Cap rate juga bergerak mengikuti biaya uang secara lebih luas. Ketika suku bunga naik, imbal hasil yang bisa didapat investor dari obligasi pemerintah bebas risiko pun ikut naik, dan real estat — yang membawa risiko nyata — harus menawarkan imbal hasil yang terlihat lebih tinggi agar tetap kompetitif. Itulah sebabnya cap rate di hampir semua kelas aset melebar antara 2022 dan 2024, meskipun gedung-gedungnya sendiri tidak memburuk: alternatifnya menjadi lebih menarik, sehingga harga real estat harus disesuaikan turun agar hitungannya tetap masuk akal. Proses ini bahkan punya namanya sendiri di industri — dekompresi cap rate — dan itu salah satu cara paling andal untuk menjelaskan mengapa harga bisa turun bahkan ketika sewa datar atau justru naik.
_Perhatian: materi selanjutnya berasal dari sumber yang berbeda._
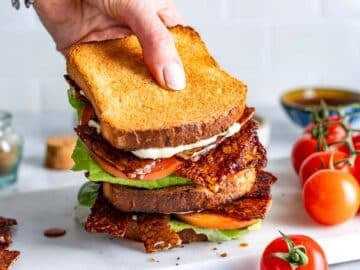 Vegan bacon lettuce and tomato sandwich with tempeh bacon.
Investor sering terjebak ketika memperlakukan cap rate tinggi sebagai barang murah secara default. Kadang memang benar: jika sebuah gedung terlihat murah karena pasar cemas akan sesuatu yang benar-benar Anda punya rencana untuk memperbaikinya — satu lantai kosong yang Anda yakin bisa disewakan kembali, tim manajemen biasa-biasa saja yang akan segera Anda ganti — maka cap rate tinggi itu justru diskon yang tepat untuk dibeli. Tetapi kadang cap rate tinggi hanya berarti gedung itu tua, lokasinya buruk, dan secara struktural sedang menurun, dalam hal ini gedung itu sama sekali tidak murah — ia tetap mahal bahkan setelah diskon itu, karena aliran pendapatannya sendiri yang tergerus.

Jebakan sebaliknya sama pentingnya untuk diperhatikan. Cap rate rendah pada sebuah aset trofi yang dianggap “aman” bukanlah jaminan apa pun. Itu adalah taruhan bahwa konsensus cerita tentang masa depan gedung itu akan terus bertahan. Ketika konsensus itu runtuh — seperti yang terjadi di sebagian besar pasar perkantoran global begitu kerja jarak jauh berubah dari sementara menjadi permanen — pembeli yang membayar cap rate paling rendah demi kesan keamanan biasanya justru yang menanggung write-down terbesar, karena mereka tidak menyisakan margin untuk kesalahan.

Gunakan cap rate seperti seorang dokter menggunakan satu tanda vital: berguna, cepat, tetapi tidak pernah cukup dengan sendirinya. Ia memberi tahu Anda apa yang saat ini diyakini pasar. Ia tidak pernah memberi tahu Anda apakah pasar itu benar.